– Тогда выходит, что и в этом отношении она потеряла способность различать мечты и реальность?
– Если она пыталась утверждать это, то я с вами согласна. Мисс Бэрримор была всего лишь сиделкой, безусловно, очень хорошей, но не врачом. Бедняжка… война так исковеркала ее душу! И быть может, наша общая вина в том, что мы этого не заметили. – Свидетельница изобразила на лице подобающую скорбь.
– Действительно, перенесенные Пруденс трудности и страдания могли нарушить ее духовное равновесие, – согласился адвокат. – А стремление быть всегда полезной больным заставило ее вообразить, что она действительно способна на это. Быть может, мы так и не узнаем, как все было на самом деле… – Он покачал головой. – Однако как жаль, что такая прекрасная и чувствительная женщина, наделенная стремлением к лечению людей, не выдержала надломивших ее жизнь испытаний! – Слова эти предназначались присяжным. Они не были связаны с показаниями свидетелей, но Оливеру было важно сохранить симпатию суда. Он разрушил репутацию Пруденс как героини, но оспаривать уважение к потерпевшей все же не следовало.
Последним свидетелем Ловат-Смита был Уильям Монк. Детектив с каменным лицом поднялся по ступенькам на место свидетеля и холодно поглядел в зал суда. Как это обычно бывало, он уже знал от выходивших из зала репортеров, клерков и зевак, чего Рэтбоун добивался от Береники Росс-Гилберт. А потому сыщик был разъярен еще перед первым вопросом.

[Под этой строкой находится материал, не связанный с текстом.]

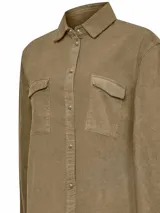 Camisa azul de cotelé de algodón orgánico, con calce holgado, cierre de botones a presión, cuello camisero y mangas largas.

– Мистер Монк, – осторожно начал допрашивать его Уилберфорс; он знал, что перед ним враждебно настроенный свидетель, однако его показания не подлежат сомнению. – Вы больше не служите в полиции и занимаетесь частными расследованиями, не так ли?
– Да.
– Вас наняли, чтобы провести расследование убийства Пруденс Бэрримор?
– Да. – Детектив не собирался предоставлять суду никакой дополнительной информации. Краткость его ответов не отталкивала публику. Ощутив антагонизм между ним и обвинителем, она старалась не пропустить ни одного их слова и взгляда.
– И кто же вас нанял? Семейство мисс Бэрримор? – спросил Уилберфорс.
– Леди Калландра Дэвьет.
Герберт выпрямился на скамье подсудимых, а лицо его внезапно напряглось, и между бровями пролегла небольшая вертикальная морщинка.
– И вы присутствовали на похоронах мисс Бэрримор в этом качестве? – продолжал Ловат-Смит.
– Нет, – отрывисто отвечал сыщик.
Если он и надеялся смутить обвинителя, то преуспел в этом лишь отчасти. Инстинкт или же выражение на непреклонном лице свидетеля заставили юриста не допытываться дальше, зачем он пришел на похороны, поскольку он не знал, что тот может ответить.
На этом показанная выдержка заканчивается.